Opened 13 years ago
Last modified 7 years ago
#1599 assigned defect
normalize_address() confused by country
Reported by: | mikepease | Owned by: | robe |
---|---|---|---|
Priority: | medium | Milestone: | PostGIS Fund Me |
Component: | pagc_address_parser | Version: | master |
Keywords: | Cc: |
Description
If you include a country at the end of an address, normalize_address() incorrectly parses the state and zip.
212 n 3rd ave, Minneapolis, mn 55401, USA (This is the format of the "formatted address" returned by Google's XML webservice)
select * from normalize_address('212 n 3rd ave, Minneapolis, mn 55401, USA')
Result:
stateabbrev
212;"N";"3rd";"Ave";"";"";"mn 55401";"";"";t
Change History (12)
comment:1 by , 13 years ago
Milestone: | PostGIS 2.0.0 → PostGIS 2.1.0 |
---|---|
Status: | new → assigned |
comment:2 by , 12 years ago
Cc: | added |
---|
comment:3 by , 12 years ago
Cc: | removed |
---|
comment:4 by , 12 years ago
Component: | tiger geocoder → pagc_address_parser |
---|
comment:5 by , 12 years ago
Version: | 1.5.X → trunk |
---|
Steve,
This one crashes my backend, (mingw32 installed on windows 7 32 VC++), though all the others I have tried work fine:
select * from pagc_normalize_address('212 n 3rd ave, Minneapolis, mn 55401, USA')
Gets to start load rules and then hits the bucket. Works fine it I take off the , USA.
I tried the original set to rule out my changes to the tables.
-- crashes -- SELECT (SELECT standardize_address( 'select seq, word::text, stdword::text, token from tiger.pagc_gaz union all select seq, word::text, stdword::text, token from tiger.pagc_lex ' , 'select seq, word::text, stdword::text, token from tiger.pagc_gaz order by id' , 'select * from tiger.pagc_rules order by id' , 'select 0::int4 as id, ' || quote_literal(address1) || '::text As micro, ' || quote_literal(city || ', ' || state || ' ' || zip) || '::text As macro') As pagc_addr FROM (SELECT * FROM parse_address('212 n 3rd ave, Minneapolis, mn 55401, USA') ) As a );
-- also crashes -- SELECT (SELECT standardize_address( 'select seq, word::text, stdword::text, token from gaz union all select seq, word::text, stdword::text, token from lex ' , 'select seq, word::text, stdword::text, token from gaz order by id' , 'select * from rules order by id' , 'select 0::int4 as id, ' || quote_literal(address1) || '::text As micro, ' || quote_literal(city || ', ' || state || ' ' || zip) || '::text As macro') As pagc_addr FROM (SELECT * FROM parse_address('212 n 3rd ave, Minneapolis, mn 55401, USA') ) As a );
The log:
NOTICE: Start standardize_address NOTICE: start load_lex NOTICE: Time to read 3764 lexicon records: 10.0 ms. NOTICE: start load_lex NOTICE: Time to read 834 lexicon records: 0.0 ms. NOTICE: start load_rules
comment:6 by , 12 years ago
Crash went away after r11247 , but not parsing right first parse seems wrong. Is this the issue you were talking about with country?

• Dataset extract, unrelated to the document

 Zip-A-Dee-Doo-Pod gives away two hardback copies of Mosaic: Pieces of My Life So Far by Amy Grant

-- using hstore here for easier output -- SELECT (each(hstore(a))).* FROM parse_address('212 n 3rd ave, Minneapolis, mn 55401, USA') As a yields: key | value ----------+-------------------------------------- num | 212 zip | city | USA state | street | n 3rd ave, Minneapolis, mn 55401 country | US street2 | zipplus | address1 | 212 n 3rd ave, Minneapolis, mn 55401
This may have to do with how I'm concatenating.

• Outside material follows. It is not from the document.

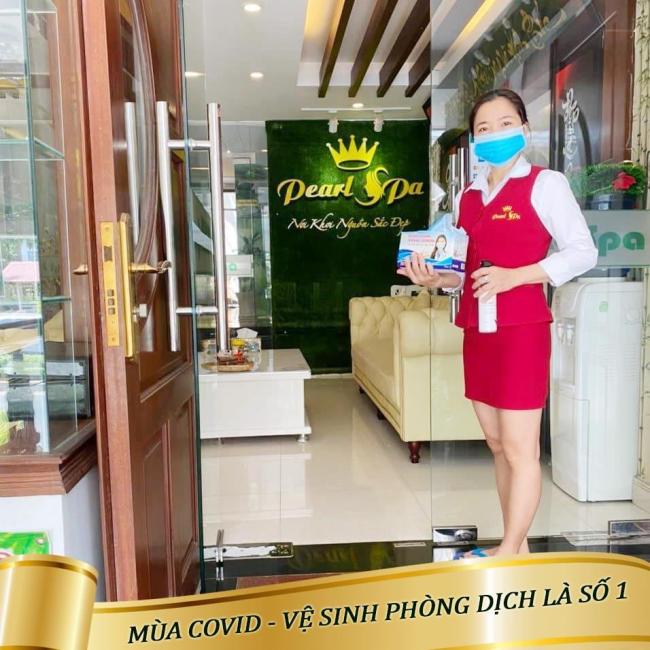 호치민 펄 스파 9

comment:7 by , 12 years ago
I'll have to look into this more, but I'm out of town the rest of this week, with limited access.

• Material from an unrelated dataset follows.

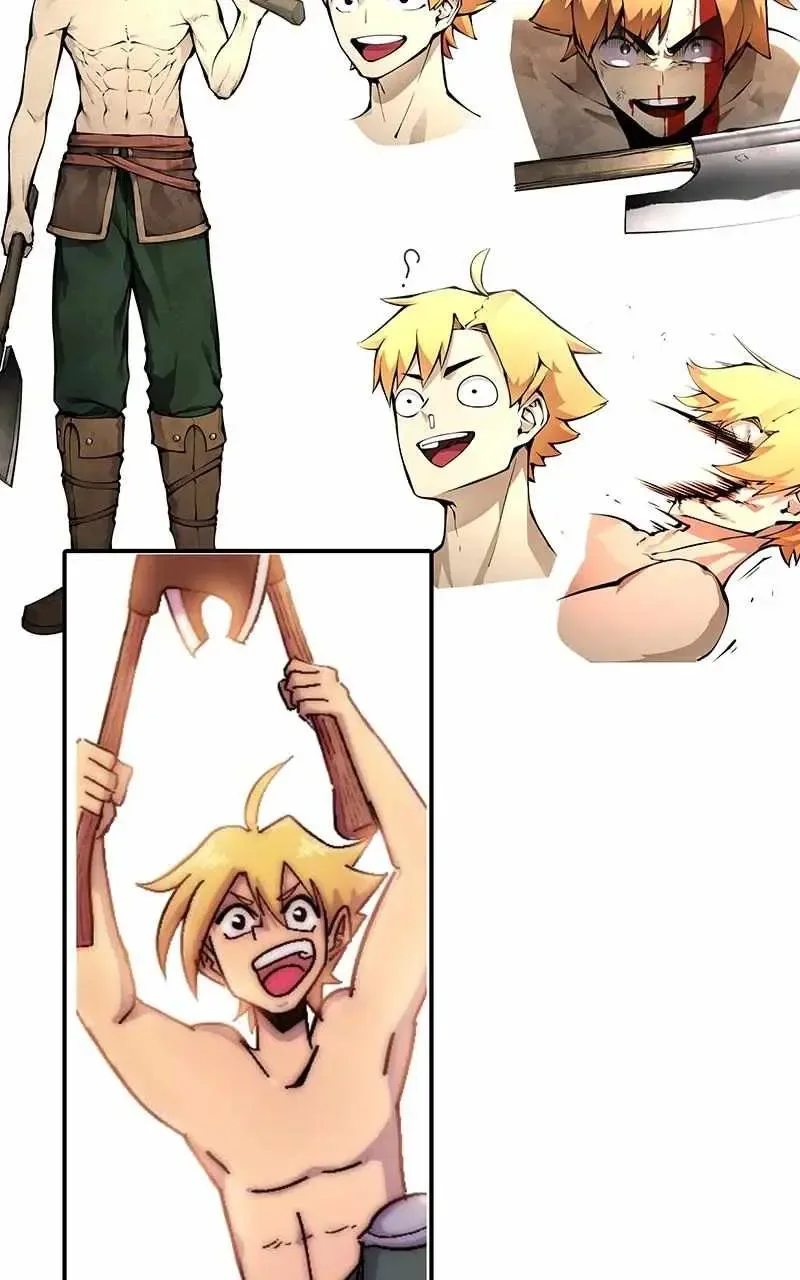 Piece Maker of Flame Chapter 45.5 page 57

comment:8 by , 12 years ago
Milestone: | PostGIS 2.1.0 → PostGIS 2.2.0 |
---|
comment:9 by , 9 years ago
Milestone: | PostGIS 2.2.0 → PostGIS 2.3.0 |
---|
comment:10 by , 9 years ago
Summary: | normalize_address() confused by coutry → normalize_address() confused by country |
---|
comment:11 by , 9 years ago
Milestone: | PostGIS 2.3.0 → PostGIS Future |
---|
PAGC tools handle this, but the single line parsers has a trivial bug to fix related to this.